Small Company | Sales (in million $) | Earnings (in million $) |
---|---|---|
1 | 89.2 | 4.9 |
2 | 18.6 | 4.4 |
3 | 18.2 | 1.3 |
4 | 71.7 | 8.0 |
5 | 58.6 | 6.6 |
6 | 46.8 | 4.1 |
7 | 17.5 | 2.6 |
8 | 11.9 | 1.7 |
9 | 19.6 | 3.5 |
10 | 51.2 | 8.2 |
11 | 28.6 | 6.0 |
12 | 69.2 | 12.8 |
\(~\)
Create data manually in RStudio:
sales1 <- c(89.2, 18.6, 18.2, 71.7, 58.6, 46.8, 17.5, 11.9, 19.6, 51.2, 28.6, 69.2)

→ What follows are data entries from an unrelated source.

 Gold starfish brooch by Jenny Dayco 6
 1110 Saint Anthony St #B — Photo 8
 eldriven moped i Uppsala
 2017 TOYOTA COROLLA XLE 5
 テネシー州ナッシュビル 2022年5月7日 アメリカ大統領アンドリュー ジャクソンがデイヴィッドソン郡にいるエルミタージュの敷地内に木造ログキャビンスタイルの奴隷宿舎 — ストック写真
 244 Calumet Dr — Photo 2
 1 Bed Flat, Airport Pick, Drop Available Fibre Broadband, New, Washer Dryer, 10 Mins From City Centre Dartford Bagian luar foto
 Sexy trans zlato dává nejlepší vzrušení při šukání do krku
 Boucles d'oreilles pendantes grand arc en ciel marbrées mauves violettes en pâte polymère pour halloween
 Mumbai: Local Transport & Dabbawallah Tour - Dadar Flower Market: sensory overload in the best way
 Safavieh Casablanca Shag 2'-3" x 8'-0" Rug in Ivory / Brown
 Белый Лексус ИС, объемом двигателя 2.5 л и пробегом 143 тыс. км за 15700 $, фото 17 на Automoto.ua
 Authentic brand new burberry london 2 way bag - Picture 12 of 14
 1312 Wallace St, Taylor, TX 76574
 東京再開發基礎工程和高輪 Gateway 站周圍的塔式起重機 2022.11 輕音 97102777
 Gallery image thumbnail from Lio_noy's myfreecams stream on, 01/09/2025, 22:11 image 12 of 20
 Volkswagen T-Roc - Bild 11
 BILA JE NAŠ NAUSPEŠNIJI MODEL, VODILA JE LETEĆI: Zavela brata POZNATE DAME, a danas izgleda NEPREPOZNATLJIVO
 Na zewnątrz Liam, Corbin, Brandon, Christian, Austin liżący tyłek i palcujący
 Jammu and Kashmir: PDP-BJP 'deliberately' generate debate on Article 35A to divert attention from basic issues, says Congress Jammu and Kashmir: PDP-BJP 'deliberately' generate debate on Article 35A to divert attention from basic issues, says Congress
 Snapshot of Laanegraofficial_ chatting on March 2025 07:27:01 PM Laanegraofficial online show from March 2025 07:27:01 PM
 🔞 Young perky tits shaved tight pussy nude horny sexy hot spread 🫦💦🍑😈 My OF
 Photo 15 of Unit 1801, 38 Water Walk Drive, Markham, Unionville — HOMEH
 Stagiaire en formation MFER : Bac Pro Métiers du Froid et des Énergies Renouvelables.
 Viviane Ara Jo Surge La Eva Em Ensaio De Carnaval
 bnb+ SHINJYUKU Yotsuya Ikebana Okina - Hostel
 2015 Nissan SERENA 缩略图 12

earnings <- c(4.9, 4.4, 1.3, 8.0, 6.6, 4.1, 2.6, 1.7, 3.5, 8.2, 6.0, 12.8)
\(~\)
plot(sales1, earnings, main = "Scatter Plot of Data",
xlab = "Sales (in million $)", ylab = "Earnings (in million $)")
\(~\)
The scatter plot indicates an upward linear trend of the scatter points. This would imply a positive linear relationship between Sales and Earnings.
\(~\)
b.) Find the estimated linear regression equation to predict earnings from sales. (4 pts.)
reg.model4 <- lm(earnings~sales1)
pander(summary(reg.model4))
Estimate | Std. Error | t value | Pr(>|t|) | |
---|---|---|---|---|
(Intercept) | 1.852 | 1.413 | 1.311 | 0.2192 |
sales1 | 0.08357 | 0.02901 | 2.881 | 0.01635 |
Observations | Residual Std. Error | \(R^2\) | Adjusted \(R^2\) |
---|---|---|---|
12 | 2.518 | 0.4536 | 0.399 |
The estimated linear regression equation is given by: \(Earnings = 1.852 + 0.08357*Sales\)
\(~\)
c.) Compute for the coefficient of correlation. Interpret (2 pts.)
pander(cor.test(sales1, earnings, method = "pearson"))
Test statistic | df | P value | Alternative hypothesis | cor |
---|---|---|---|---|
2.881 | 10 | 0.01635 * | two.sided | 0.6735 |
The obtained correlation coefficient of \(0.6735\) indicates a strong, positive linear relationship between Sales and Earnings.
\(~\)
d.) Compute the coefficient of determination. Interpret. (2 pts.)
The obtained coefficient of determination of \(0.4536\) from the simple linear regression analysis indicates that 45.36% of the variation in the dependent variable, Earning, is explained by the linear relationship between Earnings and Sales.
\(~\)
e.) For a small company with $50 million in sales, estimate the earnings. (2 pts.)
comsales <- 50
comearnings <- 1.852+(0.08357*comsales)
comearnings
## [1] 6.0305
\(~\)
For the given company with \(\$50\) million sales, the estimated earnings is \(\$6.0305\) million.